ACTIVITY> Exactly as written, reproduce all of the entries.

Short text fragments from websites>
———
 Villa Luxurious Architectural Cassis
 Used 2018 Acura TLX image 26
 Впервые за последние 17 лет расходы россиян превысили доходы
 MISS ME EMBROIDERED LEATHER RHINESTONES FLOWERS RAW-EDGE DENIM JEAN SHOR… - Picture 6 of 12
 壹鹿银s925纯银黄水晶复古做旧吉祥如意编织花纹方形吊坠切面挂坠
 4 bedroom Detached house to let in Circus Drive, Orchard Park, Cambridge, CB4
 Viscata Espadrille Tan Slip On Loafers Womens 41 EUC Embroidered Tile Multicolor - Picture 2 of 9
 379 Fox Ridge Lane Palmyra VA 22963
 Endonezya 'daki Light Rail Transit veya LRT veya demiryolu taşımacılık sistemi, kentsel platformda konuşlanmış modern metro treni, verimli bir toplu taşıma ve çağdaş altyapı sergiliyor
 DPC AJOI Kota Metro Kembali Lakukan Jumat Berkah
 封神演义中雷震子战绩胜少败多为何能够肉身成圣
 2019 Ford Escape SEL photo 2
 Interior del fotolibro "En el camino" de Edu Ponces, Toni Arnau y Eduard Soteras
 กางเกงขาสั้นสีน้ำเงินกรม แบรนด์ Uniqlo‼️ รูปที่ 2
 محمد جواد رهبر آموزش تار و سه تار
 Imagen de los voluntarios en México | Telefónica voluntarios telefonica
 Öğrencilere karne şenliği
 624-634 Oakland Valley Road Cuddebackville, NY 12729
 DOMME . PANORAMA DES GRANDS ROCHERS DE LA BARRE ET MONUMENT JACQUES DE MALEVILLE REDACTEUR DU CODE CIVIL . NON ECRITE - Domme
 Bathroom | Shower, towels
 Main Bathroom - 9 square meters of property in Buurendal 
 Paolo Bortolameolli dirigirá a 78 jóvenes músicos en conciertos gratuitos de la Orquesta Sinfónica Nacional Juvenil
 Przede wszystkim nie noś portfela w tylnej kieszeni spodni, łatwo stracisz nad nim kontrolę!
———
YOUR RESPONSE>
 Villa Luxurious Architectural Cassis
 Used 2018 Acura TLX image 26
 Впервые за последние 17 лет расходы россиян превысили доходы
 MISS ME EMBROIDERED LEATHER RHINESTONES FLOWERS RAW-EDGE DENIM JEAN SHOR… - Picture 6 of 12
 壹鹿银s925纯银黄水晶复古做旧吉祥如意编织花纹方形吊坠切面挂坠
 4 bedroom Detached house to let in Circus Drive, Orchard Park, Cambridge, CB4
 Viscata Espadrille Tan Slip On Loafers Womens 41 EUC Embroidered Tile Multicolor - Picture 2 of 9
 379 Fox Ridge Lane Palmyra VA 22963
 Endonezya 'daki Light Rail Transit veya LRT veya demiryolu taşımacılık sistemi, kentsel platformda konuşlanmış modern metro treni, verimli bir toplu taşıma ve çağdaş altyapı sergiliyor
 DPC AJOI Kota Metro Kembali Lakukan Jumat Berkah
 封神演义中雷震子战绩胜少败多为何能够肉身成圣
 2019 Ford Escape SEL photo 2
 Interior del fotolibro "En el camino" de Edu Ponces, Toni Arnau y Eduard Soteras
 กางเกงขาสั้นสีน้ำเงินกรม แบรนด์ Uniqlo‼️ รูปที่ 2
 محمد جواد رهبر آموزش تار و سه تار
 Imagen de los voluntarios en México | Telefónica voluntarios telefonica
 Öğrencilere karne şenliği
 624-634 Oakland Valley Road Cuddebackville, NY 12729
 DOMME . PANORAMA DES GRANDS ROCHERS DE LA BARRE ET MONUMENT JACQUES DE MALEVILLE REDACTEUR DU CODE CIVIL . NON ECRITE - Domme
 Bathroom | Shower, towels
 Main Bathroom - 9 square meters of property in Buurendal 
 Paolo Bortolameolli dirigirá a 78 jóvenes músicos en conciertos gratuitos de la Orquesta Sinfónica Nacional Juvenil
 Przede wszystkim nie noś portfela w tylnej kieszeni spodni, łatwo stracisz nad nim kontrolę!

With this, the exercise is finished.